Mary Anne ('Annie') Robinson1, 40, was born in Bedford, Bedfordshire, England around 1871. The exact details of her family remain unknown.
When she was quite young (around 1885) she had a daughter Gladys2. The father was Henry Kerswell, recorded later as a native of Pennsylvania. No details of Henry Kerswell can be found and no marriage record between Annie and Henry has yet been located.
Annie Robinson had previously served aboard the Port Kingston (Elder Dempster Lines) and more recently with the Canadian Pacific Line. On 6 May 1909 she was onboard the Lake Champlain en route from liverpool to Montreal carrying 1,000 passengers, when it struck an iceberg. The damaged vessel limped to St John's for repairs.
When she signed-on to the Titanic on 6 April 1912 she gave her address as 128 Shirley Road, (Southampton). Her last ship had been the Lake Manitoba. As a stewardess she received monthly wages of £3 10s.
After the Titanic struck the iceberg Robinson assisted the seven ladies, a maid and a governess she had attended as stewardess. All were saved. She met Thomas Andrews:
We had already got the blankets and the lifebelts out of the rooms which were unoccupied at the foot of the staircase. Mr. Andrews said to me, "put your lifebelt on and walk about and let the passengers see you." I said to him, "It looks rather mean," and he said, "No, put it on," and then after that he said to me, "Well, if you value your life put your belt on."
She was rescued in lifeboat 11 which she said left the Titanic at 1.40pm.
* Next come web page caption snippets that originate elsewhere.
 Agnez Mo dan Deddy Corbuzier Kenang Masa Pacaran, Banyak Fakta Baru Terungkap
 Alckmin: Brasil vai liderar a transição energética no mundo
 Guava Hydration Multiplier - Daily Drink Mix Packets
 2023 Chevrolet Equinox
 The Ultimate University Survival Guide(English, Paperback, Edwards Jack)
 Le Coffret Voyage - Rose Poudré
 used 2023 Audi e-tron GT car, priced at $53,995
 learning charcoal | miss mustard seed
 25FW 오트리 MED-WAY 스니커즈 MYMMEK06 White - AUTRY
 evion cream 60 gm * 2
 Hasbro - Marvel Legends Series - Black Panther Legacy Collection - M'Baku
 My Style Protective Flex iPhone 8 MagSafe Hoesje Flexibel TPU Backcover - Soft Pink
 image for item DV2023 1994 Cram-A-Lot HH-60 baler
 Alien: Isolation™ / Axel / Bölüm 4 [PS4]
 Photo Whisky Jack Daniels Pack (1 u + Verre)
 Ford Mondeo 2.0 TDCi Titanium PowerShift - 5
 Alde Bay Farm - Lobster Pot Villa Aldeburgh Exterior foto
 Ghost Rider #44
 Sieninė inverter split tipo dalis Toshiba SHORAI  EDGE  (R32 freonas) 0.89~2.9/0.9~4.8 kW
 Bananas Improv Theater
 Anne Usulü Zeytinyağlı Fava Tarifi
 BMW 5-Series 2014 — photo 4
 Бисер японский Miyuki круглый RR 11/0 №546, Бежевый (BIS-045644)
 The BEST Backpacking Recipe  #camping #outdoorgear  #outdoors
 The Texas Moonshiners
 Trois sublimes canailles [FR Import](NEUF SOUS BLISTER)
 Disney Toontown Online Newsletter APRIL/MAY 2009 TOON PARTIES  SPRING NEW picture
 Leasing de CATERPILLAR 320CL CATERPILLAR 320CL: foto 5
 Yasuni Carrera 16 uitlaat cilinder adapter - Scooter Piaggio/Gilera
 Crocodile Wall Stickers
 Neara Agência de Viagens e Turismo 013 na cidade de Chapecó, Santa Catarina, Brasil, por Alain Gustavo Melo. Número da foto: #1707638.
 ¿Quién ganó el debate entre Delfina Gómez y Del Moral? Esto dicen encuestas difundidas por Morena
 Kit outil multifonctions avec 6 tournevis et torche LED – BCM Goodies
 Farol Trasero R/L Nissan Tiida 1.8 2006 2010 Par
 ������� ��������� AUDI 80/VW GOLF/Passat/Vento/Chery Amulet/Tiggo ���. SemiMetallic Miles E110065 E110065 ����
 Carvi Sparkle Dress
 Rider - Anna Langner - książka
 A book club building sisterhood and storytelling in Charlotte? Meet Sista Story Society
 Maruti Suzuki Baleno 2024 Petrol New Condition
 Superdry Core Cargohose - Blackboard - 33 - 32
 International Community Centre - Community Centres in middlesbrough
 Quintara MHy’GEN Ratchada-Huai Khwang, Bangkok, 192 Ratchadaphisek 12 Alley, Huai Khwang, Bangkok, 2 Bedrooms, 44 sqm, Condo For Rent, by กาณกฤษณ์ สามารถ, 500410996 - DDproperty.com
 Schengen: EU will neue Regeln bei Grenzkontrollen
After her rescue she returned to England with the other surviving crew aboard the Lapland. After they berthed in Plymouth the stewardesses were photographed as a group. Annie was also photographed talking to smoke room steward James Witter.
She was subsequently called to testify before the Board of Trade inquiry into the sinking of the Titanic (day 11).
On 9th October 1914 she was aboard the SS Devonian. According to newspaper reports she was travelling to Boston to visit her daughter Gladys (c.1885-1929)3 who had settled in Jamaica Plain with James Eugene Prentis (1874-1947)4. As the ship travelled through thick fog Annie reportedly became very anxious leading to her apparently jumping from the deck to her death:
Friday night when the Devonian slowed down in a heavy fog Mrs. Robinson apparently became nervous, and the continual sounding of the whistle so worked upon her nerves that she feared another disaster.
She was last seen when she left the main saloon about 10:30 Friday night. The suicide was not discovered until yesterday morning when she failed to appear at breakfast.
It is not recorded if her body was found but the entry in the register of deaths at sea simply states she was 'presumed drowned' between 42º35N 67º15W and 42º25N 69º30W.